“You laugh! you laugh!” stammered he. “Tell me who the letter is from? it must be from somebody, that letter must.”

He had taken the entire afternoon to disengage that one idea from the confusion into which Octave’s answers had plunged him. Now, he stuck to it: if it was not Monsieur Mouret, it was then some one else, and he demanded a name. As Valerie was walking off without answering him, he seized hold of her arm and twisted it spitefully, with the rage of an exasperated child, repeating the while:

“I’ll break it. Tell me, who is the letter from?”

The young woman, frightened, and stifling a cry of pain, had become quite white. Campardon felt her abandoning herself against his shoulder, succumbing to one of those nervous attacks which would shake her for hours together. He had scarcely time to lead her into the apartment reserved for the two families, where he laid her on a sofa. Some ladies had followed him—Madame Juzeur, Madame Dambreville—who unlaced her, whilst he discreetly retired.

“Sir, I beg your pardon,” said Théophile, going up to Octave, whose eyes he had encountered when twisting his wife’s arm. “Every one in my place would have suspected you; is it not so? But I wish to shake hands with you, to prove to you that I admit myself to have been in the wrong.”

He shook hands with him, and led him one side, tortured by a necessity to unbosom himself, to find a confidant for the outpourings of his heart.

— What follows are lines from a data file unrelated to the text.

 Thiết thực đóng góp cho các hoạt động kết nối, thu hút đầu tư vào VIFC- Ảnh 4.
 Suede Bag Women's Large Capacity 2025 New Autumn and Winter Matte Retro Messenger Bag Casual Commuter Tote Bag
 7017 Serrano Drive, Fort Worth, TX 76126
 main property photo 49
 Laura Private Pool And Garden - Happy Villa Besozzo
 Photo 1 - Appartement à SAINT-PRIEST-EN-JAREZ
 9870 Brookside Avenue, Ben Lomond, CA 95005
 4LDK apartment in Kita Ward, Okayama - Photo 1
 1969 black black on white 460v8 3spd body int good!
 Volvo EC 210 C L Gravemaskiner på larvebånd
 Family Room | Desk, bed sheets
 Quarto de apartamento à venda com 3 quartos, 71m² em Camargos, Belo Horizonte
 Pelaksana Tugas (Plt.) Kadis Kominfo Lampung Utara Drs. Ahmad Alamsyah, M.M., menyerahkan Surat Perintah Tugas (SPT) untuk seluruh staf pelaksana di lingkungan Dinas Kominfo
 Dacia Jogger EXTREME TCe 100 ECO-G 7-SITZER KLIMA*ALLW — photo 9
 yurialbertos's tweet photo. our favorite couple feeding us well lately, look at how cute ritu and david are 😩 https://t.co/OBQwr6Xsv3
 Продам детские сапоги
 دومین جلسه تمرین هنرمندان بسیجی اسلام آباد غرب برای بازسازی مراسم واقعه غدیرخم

“Ah! sir, if I were to tell you——”

And he talked for a long while of his wife. When a young girl, she was delicate, it was said jokingly that marriage would set her right. She had not sufficient air in her parents’ shop, where, every evening for three months, she had appeared to him very nice, obedient, of a rather sad disposition, but charming.

“Well! sir, marriage did not set her right—far from it. After a few weeks she became terrible; we could no longer agree together. There were quarrels about nothing at all. Changes of temper at every minute—laughing, crying, without my knowing why. And absurd sentiments, ideas that would knock a person down, a perpetual mania for making people wild. In short, sir, my home has become a hell.”

“It is very remarkable,” murmured Octave, who felt a necessity for saying something.